When comparing the clinical success rate of POEM in patients with a greater than 2-and 3-year follow-ups, we found that results from the group of treatment naïve patients was superior to the that of the patients who had undergone previous endoscopic or/and surgical interventions. However, an individual study by Nabi et al.24 with 502 patients and a greater than 2-year follow-up did not suggest a higher clinical success rate in treatment-naïve patients. Liu et al.30 reviewed 849 patients and demonstrated a superior 5-year clinical success rate in the treatment naïve cohort. They indicated that follow-up duration correlated with the difference in clinical failure between patients with and without prior treatment. They also found patients who had undergone more than one previous intervention had a higher risk than those with only one previous treatment. This may be attributed to severe inflammation and fibrosis formed by prior treatments. This difference may also be due to a difference in “symptom-reporting threshold” of patients whose symptoms recurred after prior treatments. Given this discrepancy in outcomes, systematic evaluation of long-term outcomes between the two groups is necessary in the future.

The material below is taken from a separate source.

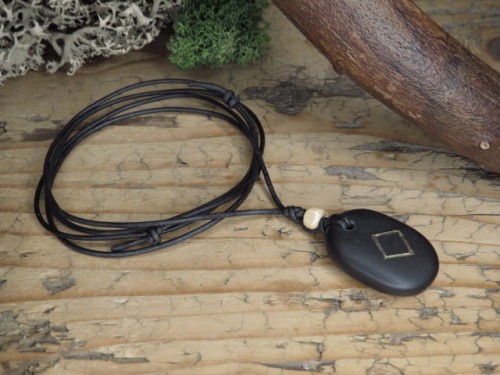 Ingwaz - runa na kamieniu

In our study, the most common adverse events related to the POEM procedure in patients with prior treatments were mucosal injury, bleeding, pneumothorax, and pneumoperitoneum. Theoretically, patients who have undergone surgical or/and endoscopic treatment are more prone to incur adverse events because of inflammation and fibrosis. Nevertheless, in the current study, the adverse event rate was not significantly higher in those who had undergone previous interventions when compared to those without interventions. This may be due to all the POEM procedures being performed by experienced operators in our included studies.30 When evaluating the GERD rate during follow-ups, we found that the incidence of GERD diagnosed via EGD or questionnaires was not significantly different between the two groups (Supplementary Fig. 4). However, our result may be affected by various factors. For example, the GERD measurement results were only available in a minority of the total patients’ number. Additionally, previous fundoplication may have an influence on preventing postoperative reflux. Importantly, there were no procedure-related deaths in any of the included studies. Our study confirmed the safety of POEM for patients with previous interventions.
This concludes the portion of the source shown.